Saturday, July 06, 2013

Being wrong is acceptable, staying wrong is unacceptable.

Trend followers are frequently wrong. It is all part of trying to identify potential set ups to profit from. More often than not, they fail.

As I've mentioned here several times, I do not trade the indices, but they do help me determine the bias in my own positions, as to whether I should hold predominantly long or short positions. 


Given the volatility and lack of direction over the last few weeks, it has been a difficult time to profit from trends. Those who trade longer term trends may not have had as many stops hit as me, but by the same token they would have suffered a bigger erosion of profits. This is due to the inherently wider stops that traders looking at longer timeframes would use.

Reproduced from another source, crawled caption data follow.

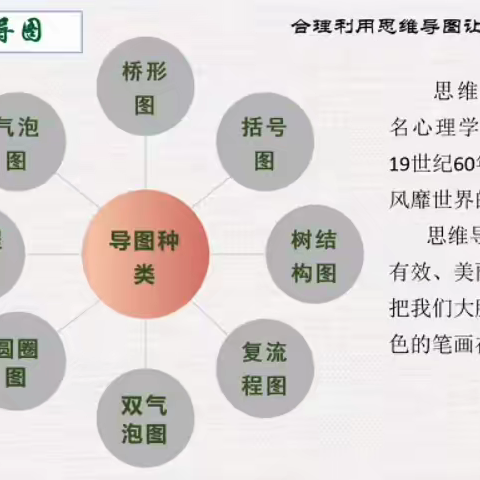 思维导图的运用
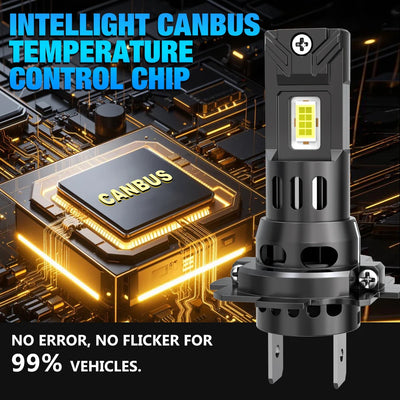 Ampoules LED H7 H1 H4 Canbus 6000K 12V (Kit Auto)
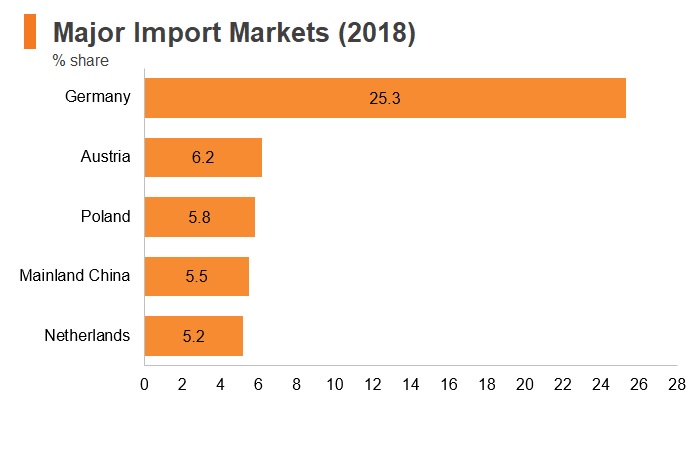 Graph: Hungary major import markets (2018) Graph: Hungary major import markets (2018)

This is all part of the discretionary decisions taken when setting up a trend following system - are you looking at trends that could last for a few weeks, months or even years? You set those parameters and construct the rules around that. Using this proper framework with good risk control will keep your losses small and let your profits run.

Against that, the longer the timeframe you use, the later into a new trend will you get an entry signal. Those who use shorter term parameters will get into a new trend earlier, and will also have tighter initial stops. This is my own preference. There is no right way or wrong way that is for everyone. However, there will be a right way - for YOU.

This has manifested itself clearly over the last few weeks - my system gave short signals in the indices, and therefore my bias started switching to looking for potential short positions. However, I have now been stopped out of the majority of those. One or two long positions have survived. As of now, markets are still undecided.

The benefits of my own system parameters and stops is that, when I am wrong on a new position, I know quickly, and keep my losses to an absolute minimum. That is how I keep cash equity drawdowns as small as possible. None of this waiting (hoping) to see if a position moves back in my favour. If I am wrong, I take the loss, and move on. The simplest way to keep drawdowns small is to take small losses.

The reductions in my overall performance mainly result from an erosion of open profits. That is because I do not want to try and anticipate the end of a trend. I want price action to determine that for me. Sure, it is frustrating when price starts slowly against you, and falls back to hit a trailing stop. But that is all part and parcel of trend following. I want to restrict my losses, and place no restriction on how big profits could be.

While frustrating, have periods of trades not performing is to be expected when trend following. Potential changes of trend offer a higher possibility of failure, but a bigger potential profit. If you want to profit from the rewards, you have to accept the risk that goes with it.